→ Task to carry out: Please repeat exactly the lines below from the line with "a beach with" to the line with "Commercial asphalt paving", including both, and leave out every picture.

→ Record extracts:
########
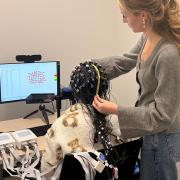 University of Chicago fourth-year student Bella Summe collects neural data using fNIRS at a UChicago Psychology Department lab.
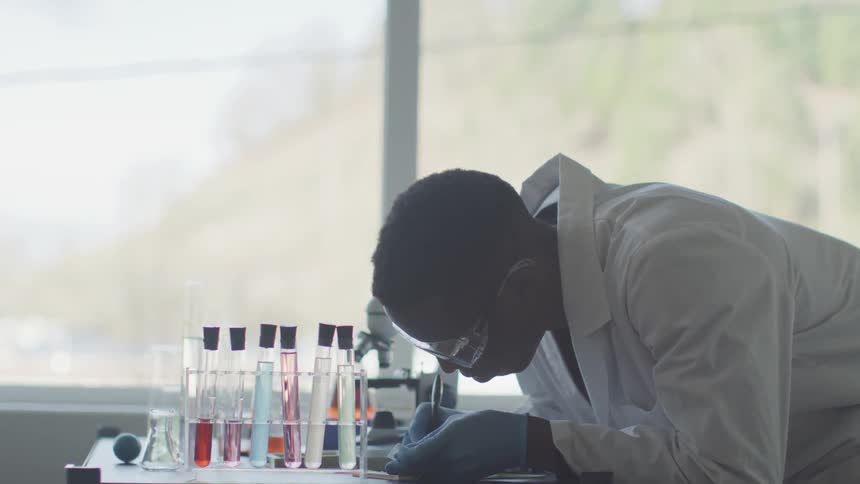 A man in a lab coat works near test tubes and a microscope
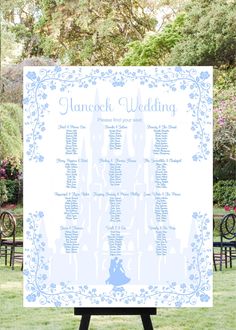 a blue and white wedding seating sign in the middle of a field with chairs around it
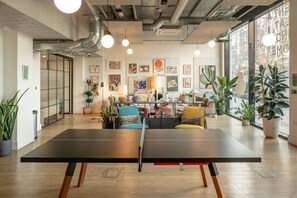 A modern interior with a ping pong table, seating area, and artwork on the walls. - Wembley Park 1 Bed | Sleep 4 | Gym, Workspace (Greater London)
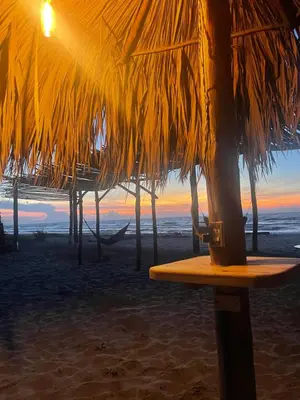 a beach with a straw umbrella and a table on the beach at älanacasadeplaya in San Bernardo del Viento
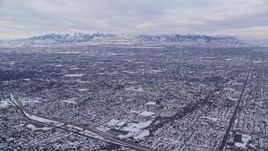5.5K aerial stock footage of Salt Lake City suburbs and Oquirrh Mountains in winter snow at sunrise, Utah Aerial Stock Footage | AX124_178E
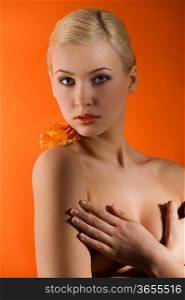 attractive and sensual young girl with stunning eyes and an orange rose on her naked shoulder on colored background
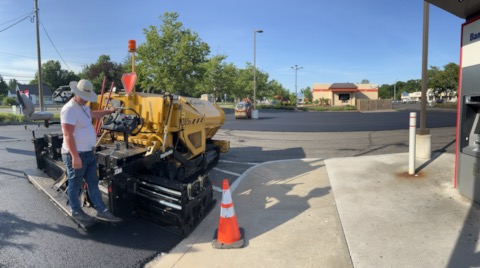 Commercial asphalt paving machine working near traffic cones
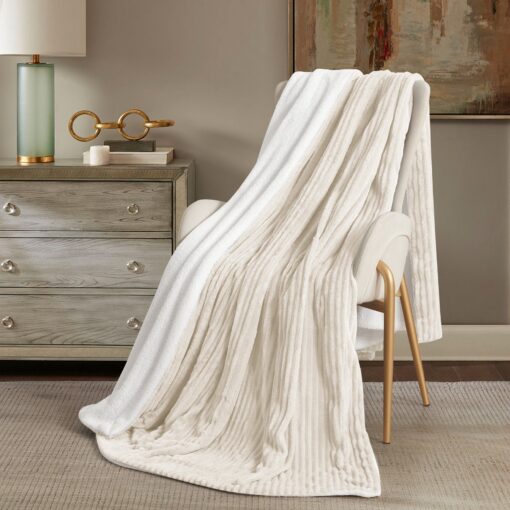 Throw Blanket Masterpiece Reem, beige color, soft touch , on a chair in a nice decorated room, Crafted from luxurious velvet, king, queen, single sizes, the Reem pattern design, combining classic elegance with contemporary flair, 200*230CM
########
→ Answer space:
 a beach with a straw umbrella and a table on the beach at älanacasadeplaya in San Bernardo del Viento
5.5K aerial stock footage of Salt Lake City suburbs and Oquirrh Mountains in winter snow at sunrise, Utah Aerial Stock Footage | AX124_178E
 attractive and sensual young girl with stunning eyes and an orange rose on her naked shoulder on colored background
 Commercial asphalt paving machine working near traffic cones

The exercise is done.